- 救援新聞 京都版No.1534 2024年11月5日
橋本宏一(日本国民救援会京都府本部 事務局長)
「ふるさとなくすのは私たちだけに」
大飯原発差止京都訴訟で証人尋問
福井県の大飯原発の稼働停止と損害賠償を求めて、京都などの住民3,477人が関西電力と国を相手に起こした訴訟の、第44回口頭弁論が、10月29日京都地裁(第6民事部合議係齋藤聡裁判長)101号法廷で開かれました。この日の法廷では約60人の傍聴者が見守る中、2人の証人と1人の原告が証言台に立ち、東京電力福島第一原発の事故による被害の実相を証言、「ふるさとをなくすのは私たちだけにしてほしい」などと、原発の稼働停止を訴えました。尋問の原告代理人弁護士と証言者、証言要旨は次の通りです。
大河原壽貴弁護士―國分(こくぶん)富夫さん
事故当時、原発から15キロ離れた南相馬市で暮らしていた。大きな揺れの地震を外で感じ家に帰ると妻は家の隅で固まっていた。その後孫が帰宅。津波が家の数10メートルのところまで押し寄せてきていた。原発の水素爆発をみて避難を考えた。近所の人たちは「15キロ離れているから大丈夫」といったが、私はとっさに危険を感じた。南相馬市小高地区に原発をつくる計画がもちあがったとき、反対同盟を結成して活動してきた。息子の妻の実家に集まろうと避難。イオンモールで必要なものを買って行こうとしたらものがほとんどない。次女は南相馬市の職員で対策の仕事があり避難できない。その後、避難は福島市へ。ホテル探すがどこも一杯、避難所の校庭に車を停めて車中泊をした。避難が早かったので渋滞に遭わなかった。子どもたちの未来を考えたら放射線被ばくが恐ろしい。次に息子の友人のいる会津若松市へ移動。雪が残っていて、大変寒い。さらに南会津へ移動。空き家で過ごした後、借り上げ住宅に移り、南相馬の借り上げ住宅に入れた。次女は体育館の避難対策で働くうちうつ病になり退職せざるを得なくなった。私は市内小高町の生まれで多くをここで暮らしている。近所の人たちと流しそうめんをしたり、花火大会を楽しんだりした。そんな環境がすべて失われた。
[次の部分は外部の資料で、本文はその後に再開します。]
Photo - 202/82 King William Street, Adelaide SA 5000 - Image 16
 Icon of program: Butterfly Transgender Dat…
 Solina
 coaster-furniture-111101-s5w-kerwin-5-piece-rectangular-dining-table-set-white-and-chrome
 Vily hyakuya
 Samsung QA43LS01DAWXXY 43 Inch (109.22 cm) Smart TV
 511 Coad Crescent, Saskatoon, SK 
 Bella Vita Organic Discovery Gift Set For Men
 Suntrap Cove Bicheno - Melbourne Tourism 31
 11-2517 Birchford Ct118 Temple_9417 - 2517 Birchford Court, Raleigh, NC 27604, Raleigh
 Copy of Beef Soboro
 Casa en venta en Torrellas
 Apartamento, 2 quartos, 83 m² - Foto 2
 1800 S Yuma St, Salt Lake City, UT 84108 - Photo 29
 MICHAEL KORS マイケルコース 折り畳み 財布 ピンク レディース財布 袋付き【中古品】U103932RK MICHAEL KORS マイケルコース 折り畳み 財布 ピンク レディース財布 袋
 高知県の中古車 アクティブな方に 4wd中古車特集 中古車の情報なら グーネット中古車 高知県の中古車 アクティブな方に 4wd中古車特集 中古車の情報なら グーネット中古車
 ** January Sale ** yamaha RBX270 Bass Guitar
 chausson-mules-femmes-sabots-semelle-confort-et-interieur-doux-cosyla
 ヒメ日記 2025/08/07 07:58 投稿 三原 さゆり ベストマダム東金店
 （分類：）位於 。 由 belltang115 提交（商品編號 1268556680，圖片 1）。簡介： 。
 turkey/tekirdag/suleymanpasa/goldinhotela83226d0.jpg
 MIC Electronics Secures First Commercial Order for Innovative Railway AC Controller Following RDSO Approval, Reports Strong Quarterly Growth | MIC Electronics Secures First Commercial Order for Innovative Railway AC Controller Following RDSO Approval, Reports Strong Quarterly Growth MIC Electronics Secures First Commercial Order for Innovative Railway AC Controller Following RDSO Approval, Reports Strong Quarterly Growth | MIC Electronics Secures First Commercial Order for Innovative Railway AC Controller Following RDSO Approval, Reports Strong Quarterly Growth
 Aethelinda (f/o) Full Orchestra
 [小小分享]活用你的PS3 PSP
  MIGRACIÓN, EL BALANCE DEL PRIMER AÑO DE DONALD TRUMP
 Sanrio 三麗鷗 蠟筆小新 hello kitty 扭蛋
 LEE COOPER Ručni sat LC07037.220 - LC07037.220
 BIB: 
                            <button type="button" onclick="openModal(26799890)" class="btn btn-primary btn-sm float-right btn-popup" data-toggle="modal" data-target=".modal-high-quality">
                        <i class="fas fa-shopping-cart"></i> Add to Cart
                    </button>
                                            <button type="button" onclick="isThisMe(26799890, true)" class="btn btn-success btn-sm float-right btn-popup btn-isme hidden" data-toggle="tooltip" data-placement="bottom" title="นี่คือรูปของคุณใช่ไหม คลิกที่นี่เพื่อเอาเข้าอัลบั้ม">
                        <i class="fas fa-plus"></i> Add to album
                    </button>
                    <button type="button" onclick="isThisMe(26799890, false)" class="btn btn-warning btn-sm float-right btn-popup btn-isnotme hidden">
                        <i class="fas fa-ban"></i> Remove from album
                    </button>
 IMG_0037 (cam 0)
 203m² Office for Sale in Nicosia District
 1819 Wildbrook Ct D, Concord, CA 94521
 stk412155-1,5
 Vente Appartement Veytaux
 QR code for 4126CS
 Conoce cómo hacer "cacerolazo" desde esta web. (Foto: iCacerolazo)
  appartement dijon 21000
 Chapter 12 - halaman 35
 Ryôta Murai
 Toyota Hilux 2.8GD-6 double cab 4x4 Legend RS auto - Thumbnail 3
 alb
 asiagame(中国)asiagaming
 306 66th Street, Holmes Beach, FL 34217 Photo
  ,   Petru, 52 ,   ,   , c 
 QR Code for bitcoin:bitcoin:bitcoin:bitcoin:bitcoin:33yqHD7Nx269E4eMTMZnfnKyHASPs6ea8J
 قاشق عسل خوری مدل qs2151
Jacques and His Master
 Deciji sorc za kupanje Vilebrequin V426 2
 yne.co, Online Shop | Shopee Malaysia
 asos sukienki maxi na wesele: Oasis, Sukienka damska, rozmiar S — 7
住まなくなった家は人が入ったあと(空き巣)もあり、荒れて朽ちている。とうとう解体した。基礎を打ち、山から材木運んでつくった家だ。今は、100人で避難者訴訟の原告副団長も務める。バラバラになった仲間のコミュニティとして「相双の会」を立ち上げて活動している。同じ悩みや苦しみを語り合い、会報も発行しているし、会合ももっている。郡山の会合では泣きながら分かれた。1万人いた町に3800人程が帰っているがこの先は無理。放射線量を測定しているが、非常に高いところもあり、草木に含まれて大雨も降るので危険だ。農業はあきらめている。秋はきのこ、春は山菜をとりにいった山は荒れ放題だ。原発をつくるのに反対してきたが、反対した人のほとんどは亡くなった。当時を知る人は「おまえたちの言ってきたことは間違っていなかった」という。地域の自然を壊したのは原発。人のつくったもので壊れないものはない。大飯原発も同じ。事故起きれば取り返しのつかないことになる。
大島麻子弁護士―三瓶(さんぺい)春江さん
原発から30キロの浪江町内で暮らしていて事故にあった。戦後間もない入植。姉は看護師で津島診療所勤務、妹は川俣町へ嫁いだ。長男は自衛隊で福島にいたが除隊した。私は、会社員だったが結婚して夫の手伝いで内職をするようになった。ワラビ、ぜんまい、マツタケなどをよくとってきた。母は野菜づくりをしていて、父母と近所の人たちは毎日交流し、子どもたちの運動会もあった。原発事故でそれが全く変わってしまった。避難者は集会場へ集まり、うちからは調味料や食器を持参した。そのあと原発が水素爆発、避難は当初考えなかった。30キロ離れていたから危険ではないとのことだった。しかし、皆さんが自主避難を始めたので考えた。母方のオバが住む二本松へ避難。これには2人の兄が反対「国が見殺しにするはずがない。危険なら連絡があるはずだ」という。孫たちを守らなくてはと話し合うが変わらず、自分は避難すると決めた。結局、夫は宮城、両親は福島、長男と子どもは郡山、私は田村市と家族バラバラに避難した。避難先では避難者であることを黙っていた。わかるといじめにあうからだ。車を傷つけられたりもした。友人も離れ離れで、結婚にも影響。息子は結婚していない。自宅は帰還困難区域で、除染もされず荒れたまま。屋根が腐って天井にも穴があいている。楽しくバーベキューをしたところもその面影もない。寺には墓があり毎回お参りするが子どもは被ばくの恐れがあるので立ち入り制限がある。建物、給食施設、雑貨店など街そのものが破壊されたままだ。除染もされないまま、放置されている。元に戻して欲しい。原発事故さえなかったらこんなことにはならなかった。ふるさとをなくすのは私たちだけにして欲しい。私たちの訴訟では裁判官が現場を見に来るという。見ないと判決は書けない。それによって判断してもらいたい。人災は止めることができる。被害の訴えを聞く司法があれば希望がもてる。
福山和人弁護士―福島敦子さん(原告本人)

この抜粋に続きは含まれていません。